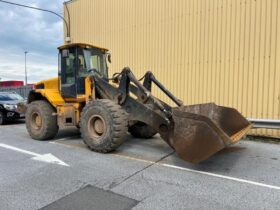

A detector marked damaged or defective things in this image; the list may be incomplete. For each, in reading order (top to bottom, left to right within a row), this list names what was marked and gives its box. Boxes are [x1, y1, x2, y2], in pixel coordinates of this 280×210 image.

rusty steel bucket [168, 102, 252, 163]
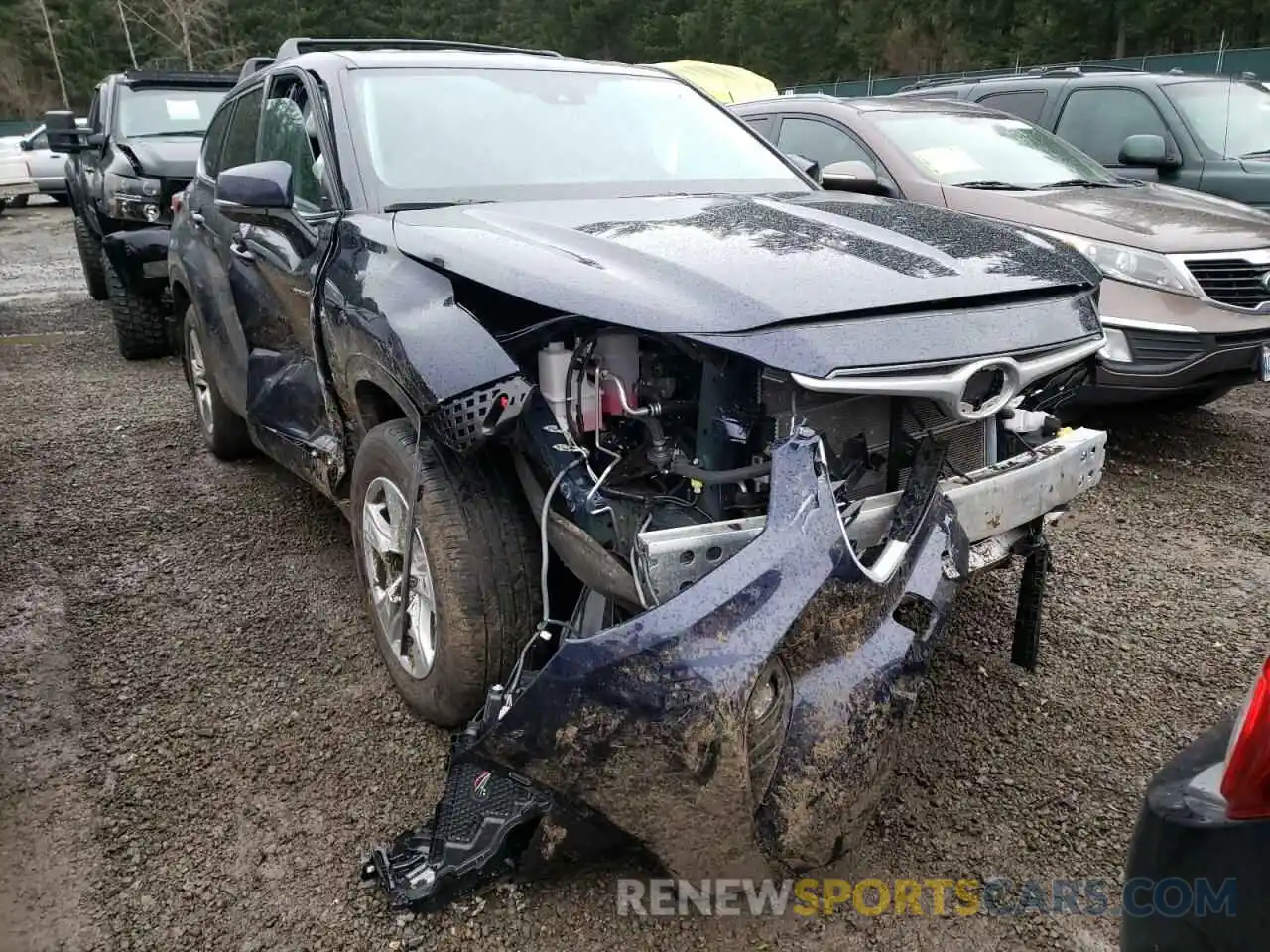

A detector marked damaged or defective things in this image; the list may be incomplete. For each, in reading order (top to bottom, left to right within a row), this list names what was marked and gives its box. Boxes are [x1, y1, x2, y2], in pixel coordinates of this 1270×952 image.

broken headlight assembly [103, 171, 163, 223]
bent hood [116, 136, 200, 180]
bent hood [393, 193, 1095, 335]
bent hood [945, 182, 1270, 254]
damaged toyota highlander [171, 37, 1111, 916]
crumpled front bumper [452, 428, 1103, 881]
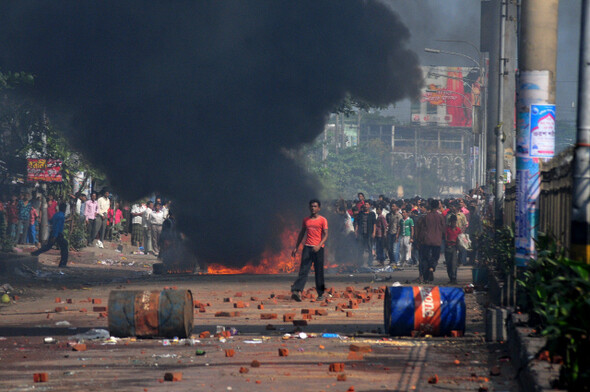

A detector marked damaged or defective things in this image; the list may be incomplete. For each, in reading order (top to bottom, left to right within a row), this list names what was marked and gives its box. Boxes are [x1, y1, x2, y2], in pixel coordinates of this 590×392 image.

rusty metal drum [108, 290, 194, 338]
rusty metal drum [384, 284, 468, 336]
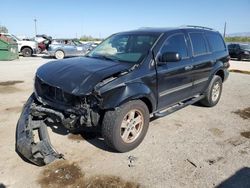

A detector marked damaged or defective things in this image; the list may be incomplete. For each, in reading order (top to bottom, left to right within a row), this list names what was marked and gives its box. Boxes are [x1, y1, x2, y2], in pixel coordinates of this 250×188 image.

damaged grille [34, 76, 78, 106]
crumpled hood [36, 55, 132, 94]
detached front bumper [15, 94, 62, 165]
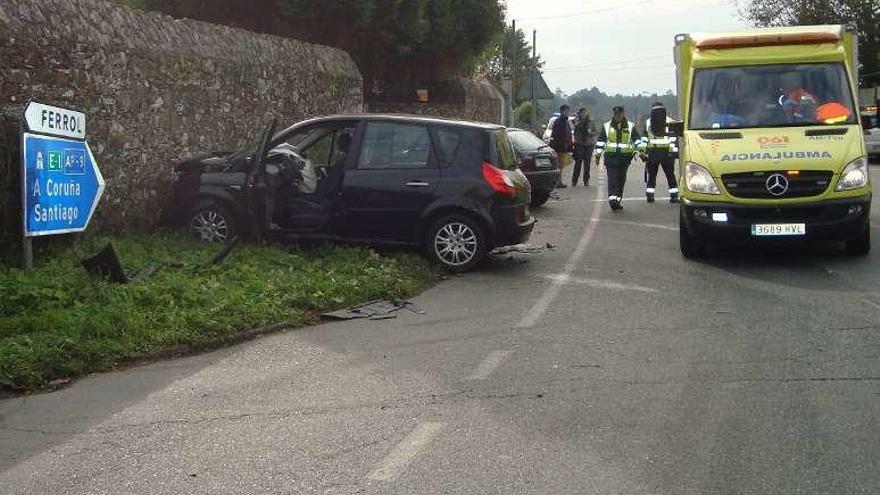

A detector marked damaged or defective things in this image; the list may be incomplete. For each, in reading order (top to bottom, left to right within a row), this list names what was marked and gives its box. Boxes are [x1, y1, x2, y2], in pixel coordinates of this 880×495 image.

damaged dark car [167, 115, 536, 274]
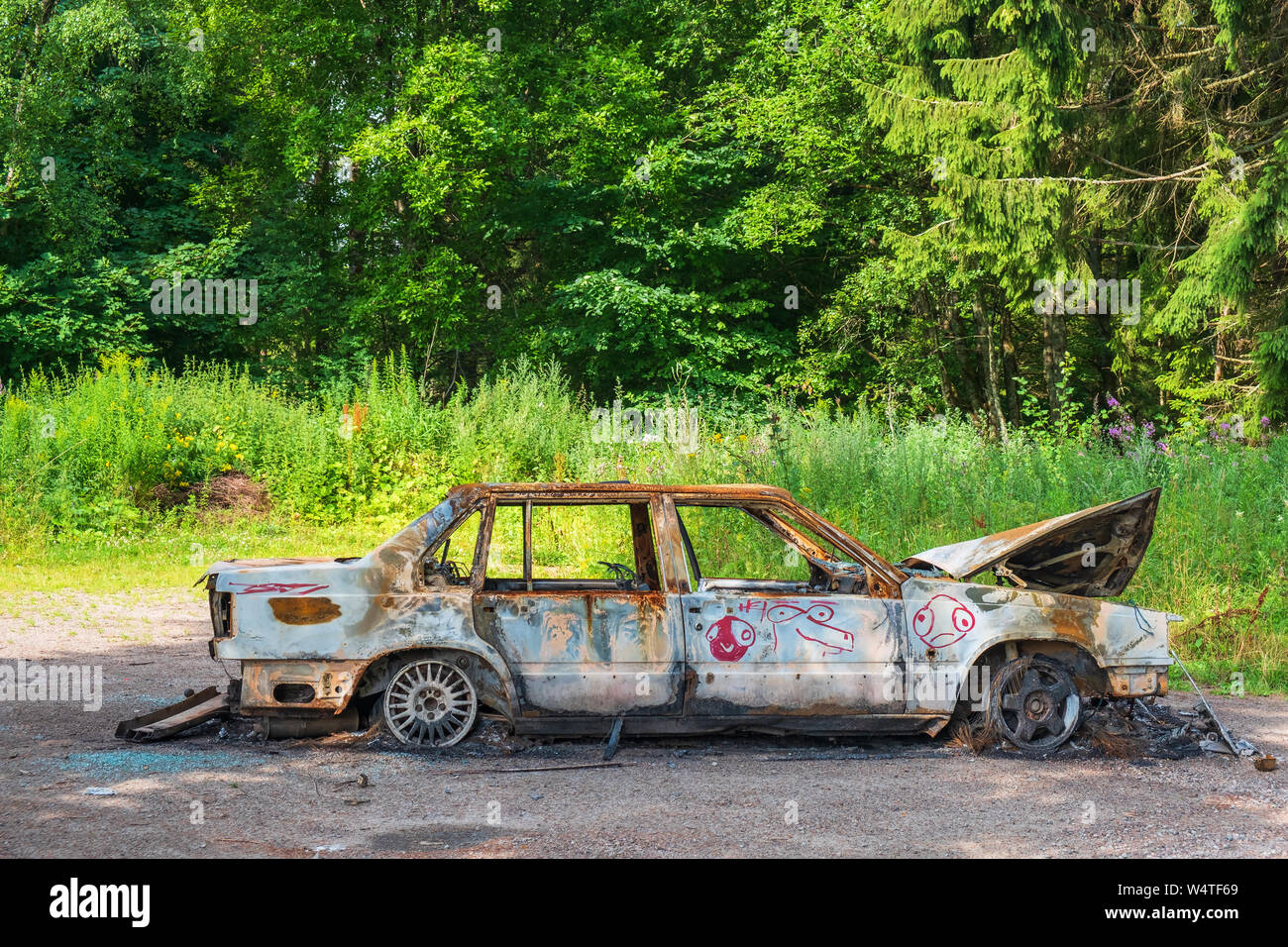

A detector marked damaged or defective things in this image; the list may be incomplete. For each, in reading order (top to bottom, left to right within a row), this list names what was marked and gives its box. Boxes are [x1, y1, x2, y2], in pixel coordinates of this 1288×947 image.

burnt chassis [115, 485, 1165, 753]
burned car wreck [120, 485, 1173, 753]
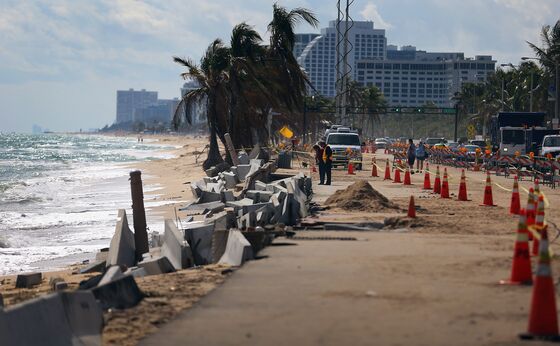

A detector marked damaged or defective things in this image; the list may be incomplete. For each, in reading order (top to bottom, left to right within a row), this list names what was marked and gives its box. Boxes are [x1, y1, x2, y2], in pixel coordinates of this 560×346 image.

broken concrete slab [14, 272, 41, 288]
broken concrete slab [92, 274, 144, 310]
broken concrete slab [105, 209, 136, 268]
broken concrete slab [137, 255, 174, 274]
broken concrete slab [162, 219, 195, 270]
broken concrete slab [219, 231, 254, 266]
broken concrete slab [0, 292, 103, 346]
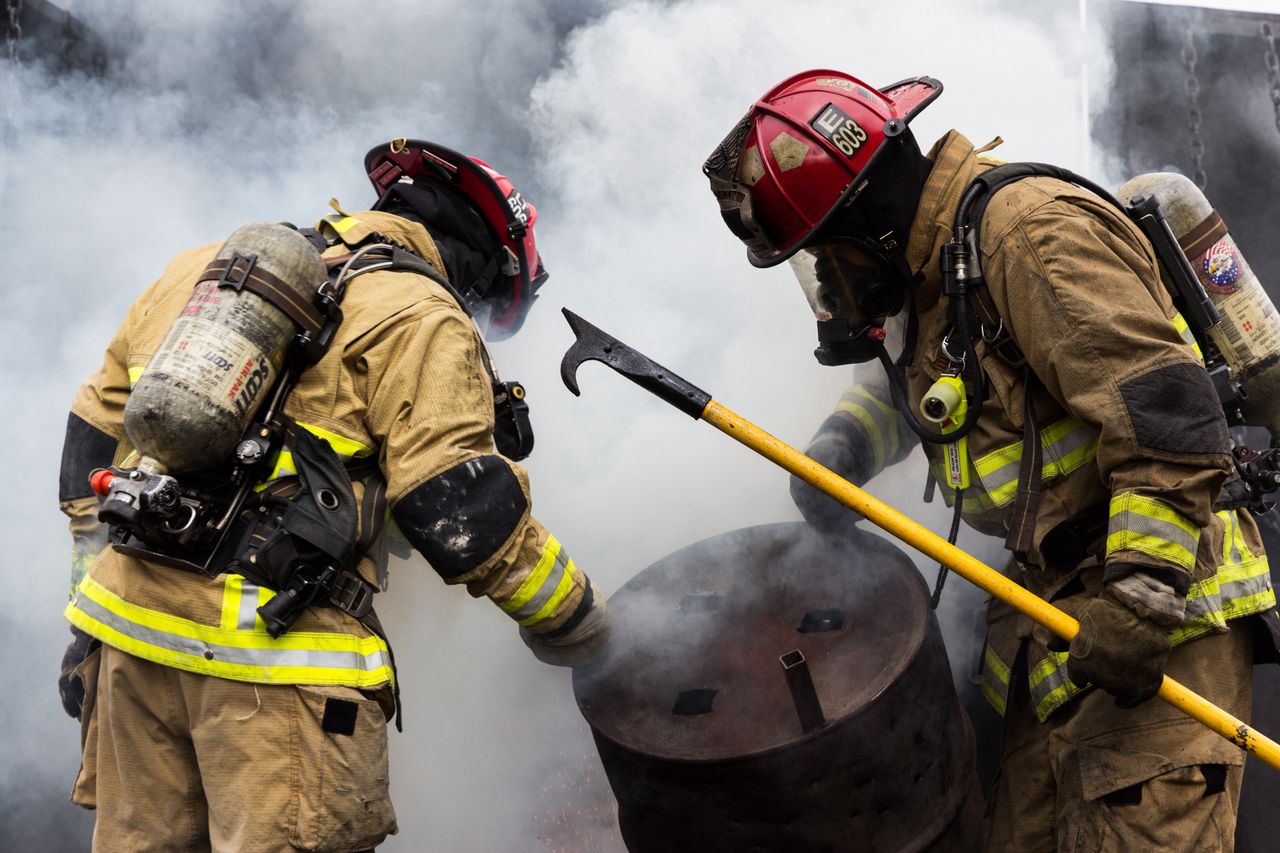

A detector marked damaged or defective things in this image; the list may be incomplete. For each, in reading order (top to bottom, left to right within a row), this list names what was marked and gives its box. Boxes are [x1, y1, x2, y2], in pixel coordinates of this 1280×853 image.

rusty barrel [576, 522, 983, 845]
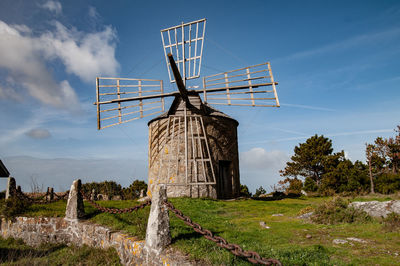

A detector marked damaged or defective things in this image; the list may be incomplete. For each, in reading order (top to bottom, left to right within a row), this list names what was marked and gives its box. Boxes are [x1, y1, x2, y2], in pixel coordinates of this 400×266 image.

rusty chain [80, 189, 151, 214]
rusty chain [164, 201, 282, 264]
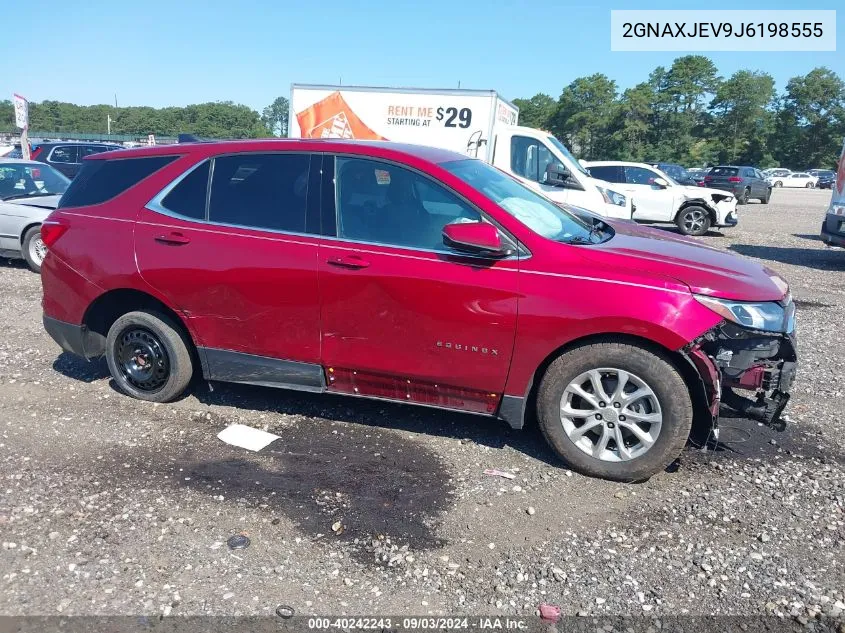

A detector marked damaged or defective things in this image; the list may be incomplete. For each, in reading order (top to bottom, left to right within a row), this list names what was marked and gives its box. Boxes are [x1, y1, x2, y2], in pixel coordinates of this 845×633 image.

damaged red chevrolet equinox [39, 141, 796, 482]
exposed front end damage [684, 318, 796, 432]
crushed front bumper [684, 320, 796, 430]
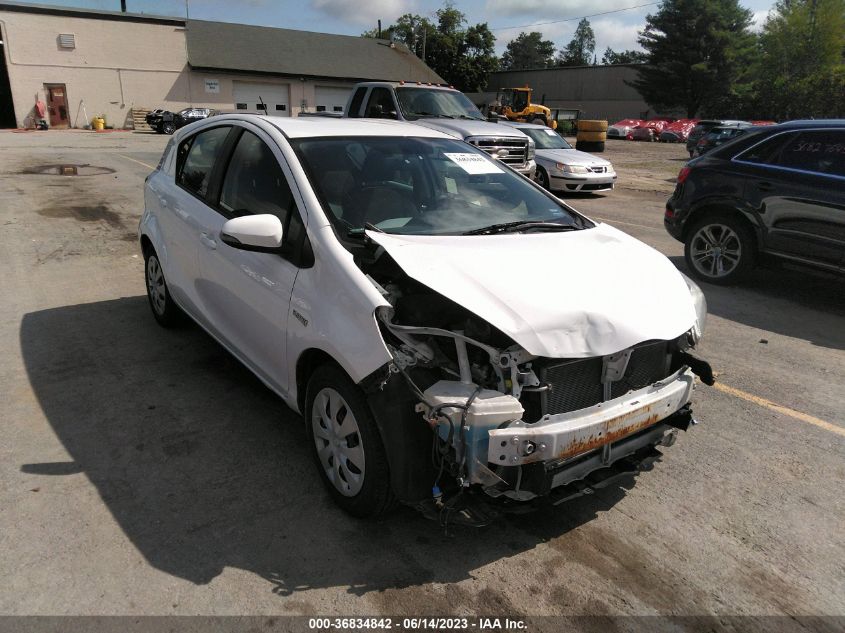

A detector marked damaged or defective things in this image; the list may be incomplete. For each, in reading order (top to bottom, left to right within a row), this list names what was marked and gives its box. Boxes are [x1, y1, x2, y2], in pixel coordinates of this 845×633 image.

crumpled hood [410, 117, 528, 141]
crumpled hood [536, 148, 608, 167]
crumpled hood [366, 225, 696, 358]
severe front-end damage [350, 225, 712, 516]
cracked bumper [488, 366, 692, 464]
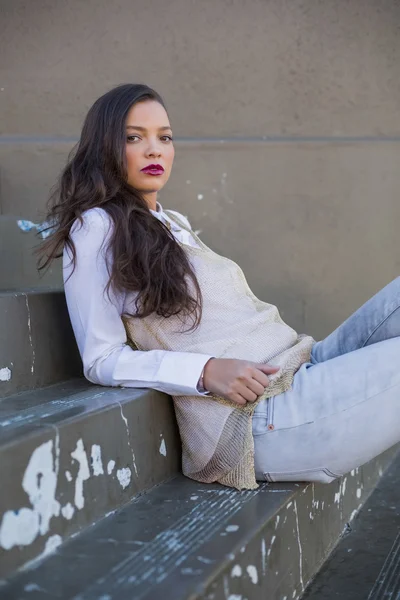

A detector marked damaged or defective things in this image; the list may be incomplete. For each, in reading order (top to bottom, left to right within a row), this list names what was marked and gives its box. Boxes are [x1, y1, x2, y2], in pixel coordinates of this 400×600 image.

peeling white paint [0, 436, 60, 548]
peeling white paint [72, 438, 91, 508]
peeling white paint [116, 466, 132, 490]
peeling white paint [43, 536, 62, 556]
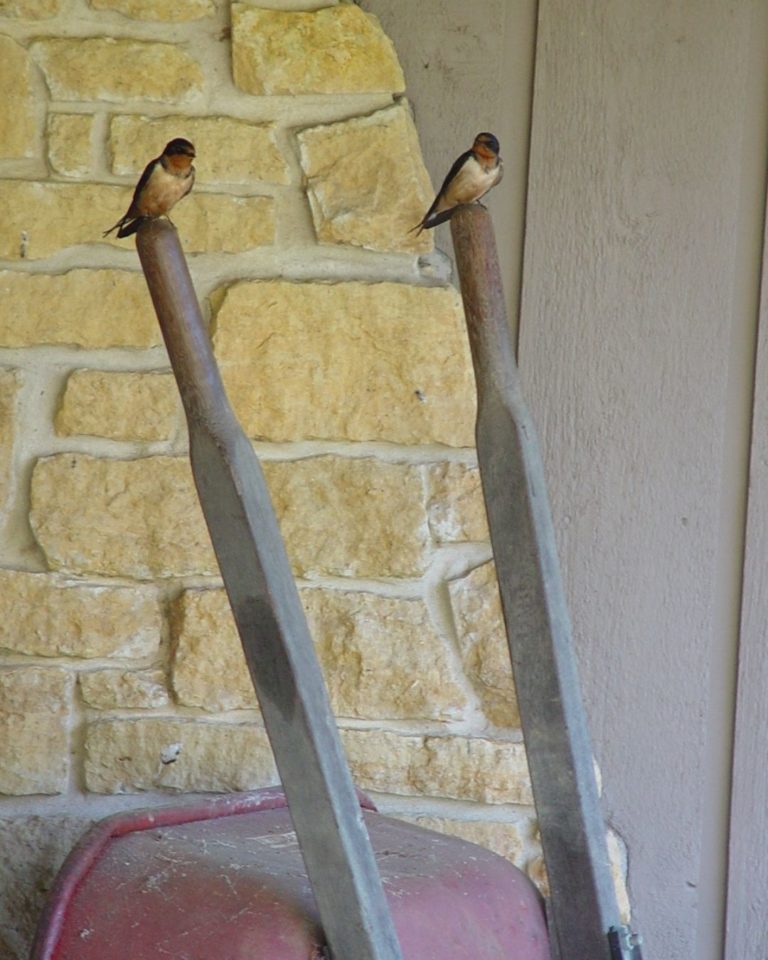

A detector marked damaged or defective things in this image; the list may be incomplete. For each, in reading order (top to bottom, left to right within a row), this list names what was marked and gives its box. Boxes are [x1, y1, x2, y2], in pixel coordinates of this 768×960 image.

Activity:
Print every record exactly, without the pictures.

Result:
A detector marked damaged or defective things in this image; the list may be incomplete. For each, in reading order (top to bottom, left to right within a row), this list names what was marked and gives its box. Boxes are [x1, y1, x2, y2], in pixel coordinates of this 280×210 image.

rusty steel bucket [168, 102, 252, 163]

A detector marked damaged or defective things in this image; the list may be incomplete. For each, in reading order (top to bottom, left to right within a row), this list names what was marked and gives its box. Boxes are [x1, y1, x2, y2], in pixel coordinates of this 1270×952 image.

broken headlight assembly [103, 171, 163, 223]
bent hood [116, 136, 200, 180]
bent hood [393, 193, 1095, 335]
bent hood [945, 182, 1270, 254]
damaged toyota highlander [171, 37, 1111, 916]
crumpled front bumper [452, 428, 1103, 881]

A detector marked damaged or defective things in this image; the list may be incomplete. For each, in reading order (top to bottom, left to right within a row), this list names what was marked and gives its box. Boxes are [x1, y1, x2, y2], in pixel coordinates of this 590×392 image.

rusty metal drum [108, 290, 194, 338]
rusty metal drum [384, 284, 468, 336]

A detector marked damaged or defective things in this image; the list may be incomplete. For each, in reading order (top to bottom, left to right within a row), this list names what was marked and gives its box. Boxes are [x1, y1, x2, y2], in pixel coordinates of this 250×188 image.

damaged grille [34, 76, 78, 106]
crumpled hood [36, 55, 132, 94]
detached front bumper [15, 94, 62, 165]

A detector marked damaged or defective things in this image; the list may be incomplete. For each, in reading order (top to bottom, left to right within a row), this list names what was marked and gives its box. Boxes are [x1, y1, x2, y2], in pixel coordinates of this 880×495 image.

damaged dark car [167, 115, 536, 274]

A detector marked damaged or defective things in this image; the list may be incomplete. For each, in reading order (top to bottom, left to right within a row), this list names what was marked and gives its box. Boxes are [x1, y1, x2, y2], in pixel coordinates of this 1288×947 image.

burnt chassis [115, 485, 1165, 753]
burned car wreck [120, 485, 1173, 753]

A detector marked damaged or defective things in this image; the list may be incomplete. For each, in reading order (top to bottom, left to right within a row), this list names what was marked and gives its box. Boxes are [x1, y1, x2, y2], in pixel coordinates of this 560×346 image.

broken concrete slab [14, 272, 41, 288]
broken concrete slab [92, 274, 144, 310]
broken concrete slab [105, 209, 136, 268]
broken concrete slab [137, 255, 174, 274]
broken concrete slab [162, 219, 195, 270]
broken concrete slab [219, 231, 254, 266]
broken concrete slab [0, 292, 103, 346]

A detector marked damaged or defective things in this image; the list may be incomplete. For each, in reading order (top to bottom, left to right within a row), this list names what was marked and gives its box. Boxes are [x1, y1, x2, y2], in pixel coordinates of this 1280×853 image.

rusty barrel [576, 522, 983, 845]

A detector marked damaged or defective things in this image; the list may be incomplete. For each, in reading order (top to bottom, left to right within a row), this list names what was marked and gives its box. Boxes are [x1, y1, x2, y2], in pixel coordinates of this 400×266 image.

rusty chain [80, 189, 151, 214]
rusty chain [164, 201, 282, 264]

A detector marked damaged or defective things in this image; the list may be incomplete. For each, in reading order (top to bottom, left to right within a row), this list names what was marked and gives its box. Boxes are [x1, y1, x2, y2], in pixel coordinates of this 845×633 image.

damaged red chevrolet equinox [39, 141, 796, 482]
exposed front end damage [684, 318, 796, 432]
crushed front bumper [684, 320, 796, 430]

A detector marked damaged or defective things in this image; the list may be incomplete. For each, in reading order (top to bottom, left to right within a row), this list names what was marked and gives its box. Boxes are [x1, y1, x2, y2], in pixel coordinates of this 845×633 image.

crumpled hood [410, 117, 528, 141]
crumpled hood [536, 148, 608, 167]
crumpled hood [366, 225, 696, 358]
severe front-end damage [350, 225, 712, 516]
cracked bumper [488, 366, 692, 464]

A detector marked damaged or defective things in this image; the list may be incomplete. For each, in reading order (top to bottom, left to right within a row), this list names what was marked and gives its box. Boxes are [x1, y1, x2, y2], in pixel coordinates of this 400×600 image.

peeling white paint [0, 436, 60, 548]
peeling white paint [72, 438, 91, 508]
peeling white paint [116, 466, 132, 490]
peeling white paint [43, 536, 62, 556]

A detector marked damaged or defective things in this image; the list may be incomplete. For each, in reading order (top to bottom, left to right within a row), this list names what was marked and gives its box. Boxes are [x1, y1, x2, y2], in pixel coordinates of this 768×960 image.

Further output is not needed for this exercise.